A wonder of late summer popcorn season speculation, Rise of the Planet of the Apes is the kind of throwback that fans of science fiction love.

Rise of the Planet of the Apes

Director: Rupert Wyatt
Cast: James Franco, Freida Pinto, Andy Serkis, Tom Felton, David Hewlett, Chelah Horsdal, Brian Cox, John Lithgow
Distributor: 20th Century Fox
US Release Date: 2011-08-05

We all have close connections to our pets. We consider them people, part of the family, and as important to our life as food and shelter. Sure, some take their affection to extremes, but for the most part, you couldn't imagine being forcibly removed from your favorite dog or cat. You've shed a tear when the vet had bad news, and you've bristled at the far too frequent news reports that have local degenerates abusing animals for their own warped ideals. It's through this new age-ish filter that Rise of the Planet of the Apes arrives. Instead of arguing for all the race rioting civil claims of the '60s (like the original Charlton Heston film) or the increasing cold war/nuclear proliferation intrusion of the '70s (the sequels), the latest attempt to reboot the lagging franchise finds the filmmakers mining material much closer to home for most viewers, and hitting a home run in the process.

Let's face it, any movie which makes its main premise center around the rise and revolt of intelligent simians is starting off at a disadvantage. The 1968 classic had American astronauts land on a remote alien planet, only to discover that they had actually crashed on Earth, millions of years in the future. In that film, racism and minority issues were front and center, with allusions to the Holocaust and fascism thrown in for good measure. There was even theological elements tossed in to reaffirm the oppressive nature of the Apes regime. Subsequent films dropped most of the message and continued on an attempted timeline, arguing for how our world circa the early '70s became a breeding ground for intelligent chimp discontent.

When Tim Burton was handed the reins of the 2001 remake, the most promising prospect revolved around the new make-up work by Oscar perennial Rick Baker. Avoiding the more caricaturist view of the Apes from three decades before, the artist created uncompromisingly detailed face appliances, rendering cast members such as Tim Roth, Helena Bonham Carter, and Paul Giamatti virtually unrecognizable. Instead, we saw the identifiable results of evolution run amuck... except, this was not Earth. It was an alien world, a place where one of Mark Wahlberg's chimp space pilots crash lands... and then, well, um... repopulates. In fact, trying to type the fact patter for this film is like an exercise in slight surrealism. Even the ending, which saw the Lincoln Memorial turned into a monkey mockery (ala the first film's Statue of Liberty reveal), was crazily confusing.

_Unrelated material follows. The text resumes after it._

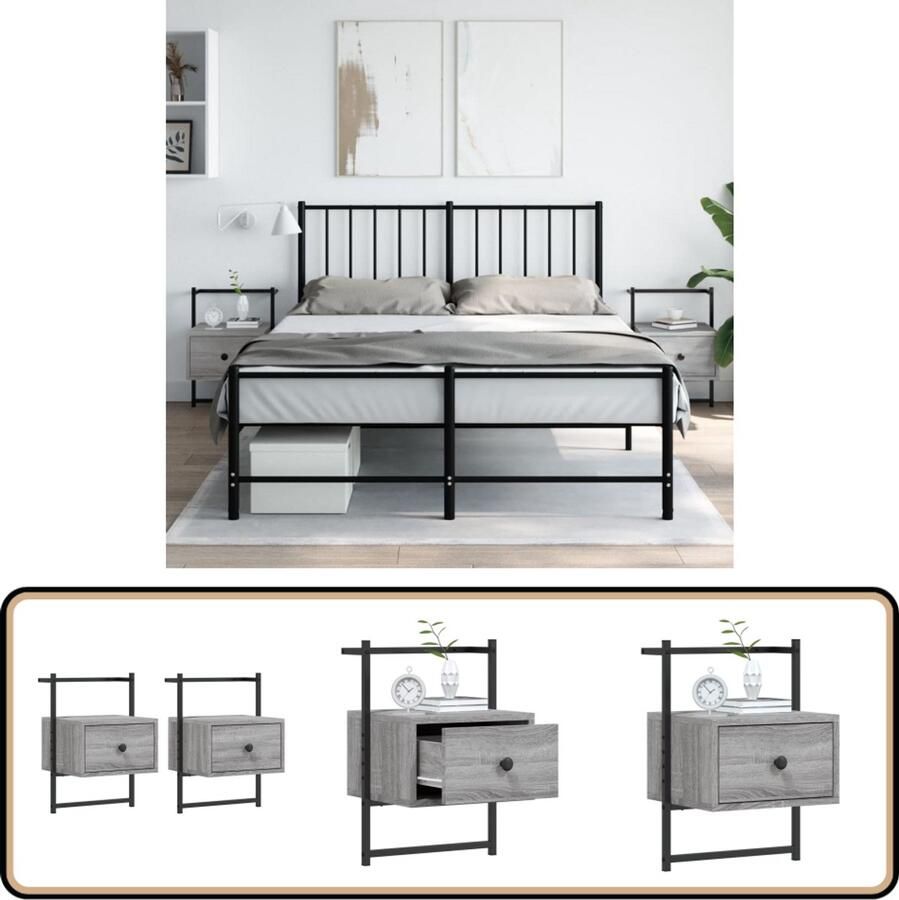 VidaXL Nachtkastjes Set van 2 Grijs Sonoma Eiken Wandlamp Nachtlamp Bergruimte Kastje Slaapkamervloer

The reviews were awful. No one wanted a sequel, and the studio sensing outrage among the faithful, promised to make a "serious" Apes movie somewhere down the line. Rumored revamps included another look at a well-publicized Oliver Stone attempt (which was actually greenlit before Burton's version), which many thought would re-up the pro-political aspects of the series. Instead, the JFK genius wanted to deal with ancient mythology, cryogenically frozen 'Vedic' apes, and eventually, a time travel return to the past to keep these intelligent animals from destroying mankind all together. As with all multimillion dollar gambles, the suits blinked, and months of pre-production were tossed (only Baker and his approach remained).

This left another Apes in limbo, especially in light of the continuous drubbing Burton's version achieved. It was perhaps one of the first fiery Internet debate topics, a clash between cult completists and those who knew a steaming pile of monkey dung when they saw it. Even today, you'll find some who will rationalize the 2001 reboot as "accomplished" and "perfect cheesy sci-fi." Yet those who remember the series with fondness found said suggestions ludicrous. They wanted a better, more profound statement from their evolved mammal material. Now, after what seems like an eternity, Rise has arrived to answer their prayers.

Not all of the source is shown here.